* Activity *
Only the pictures are to be left out; return the rest of the data exactly as it stands.

* Dataset excerpt *
____
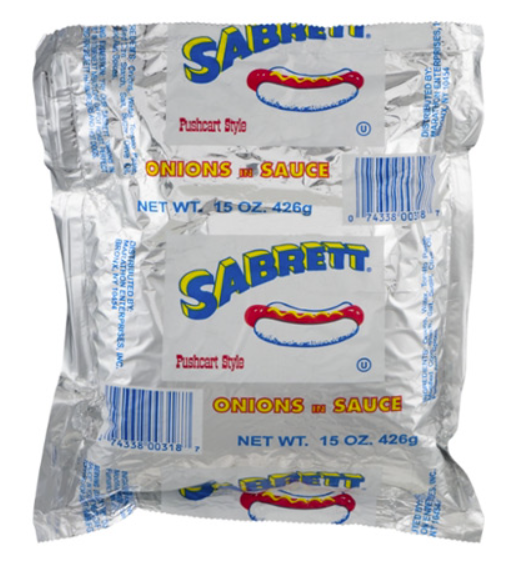 Sabrett Onions in Sauce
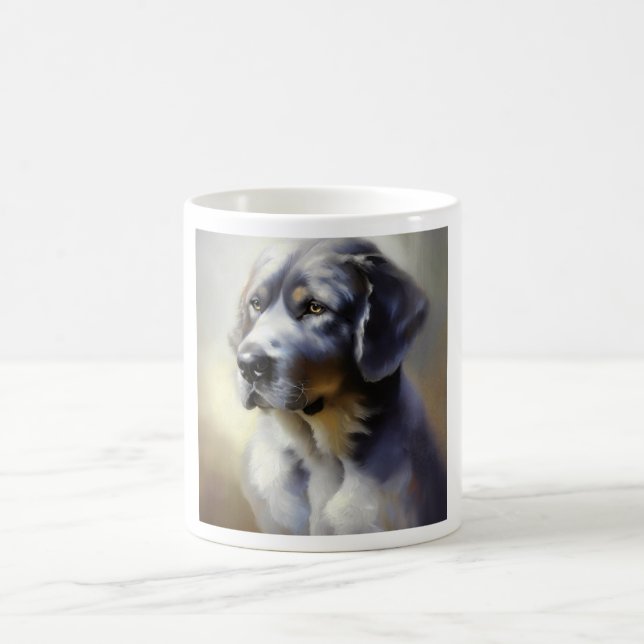 Grand Bleu de Gascogne Dog  Coffee Mug (Center)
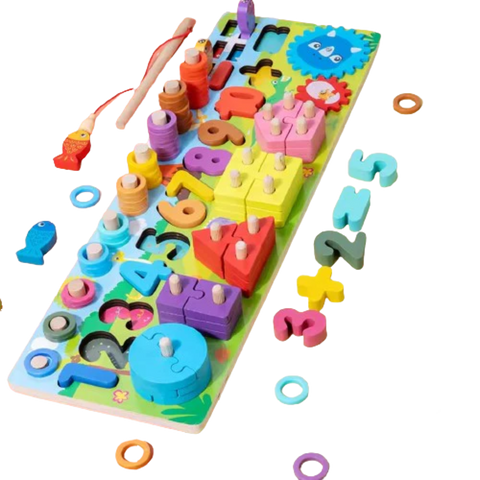 3in1 Five Sets of Column Game Board[1Pc][PD] - Kaliber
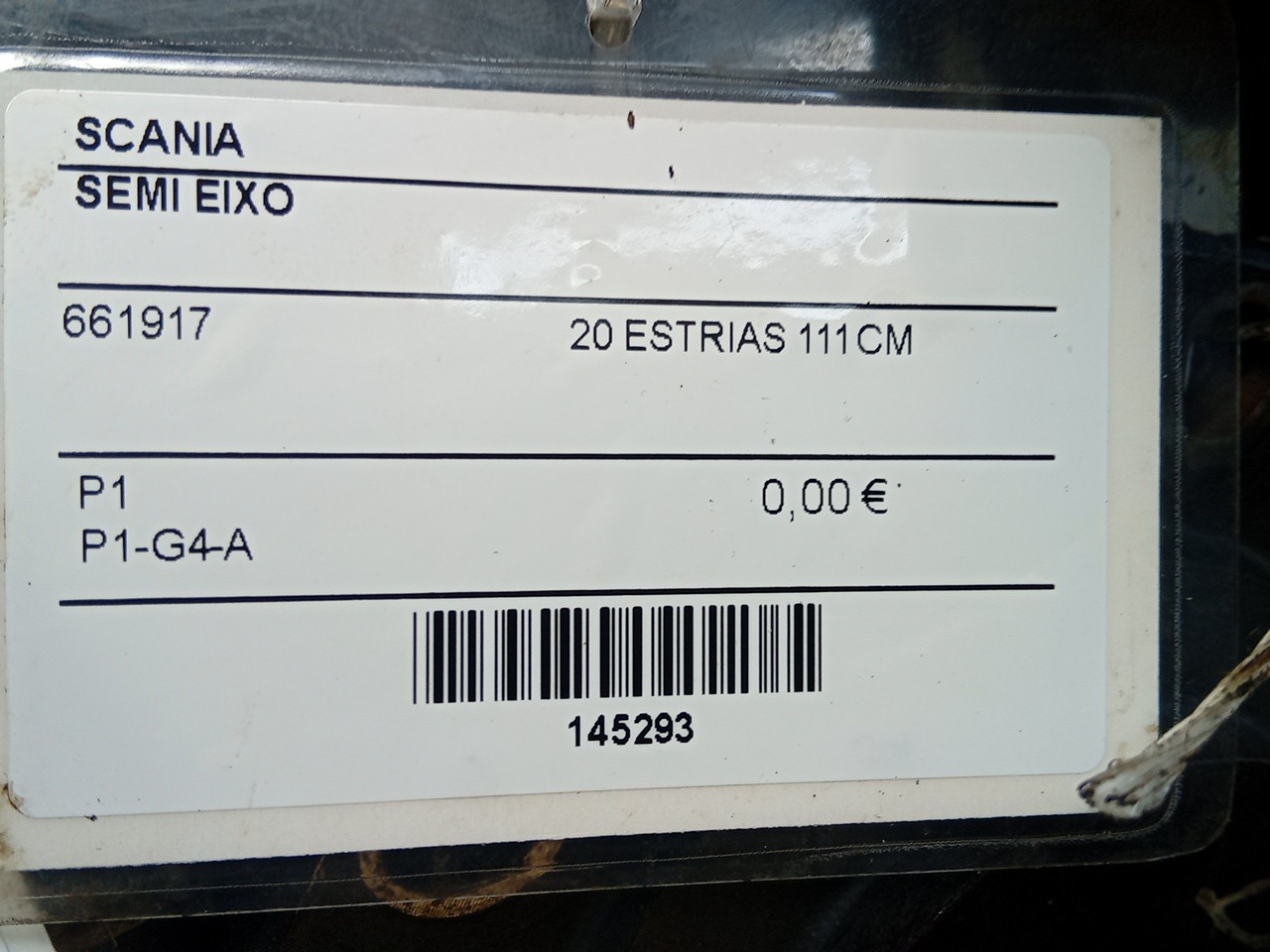 SEMI EIXO SCANIA - Imagem-4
____
* Written response *
 Sabrett Onions in Sauce
 Grand Bleu de Gascogne Dog  Coffee Mug (Center)
 3in1 Five Sets of Column Game Board[1Pc][PD] - Kaliber
 SEMI EIXO SCANIA - Imagem-4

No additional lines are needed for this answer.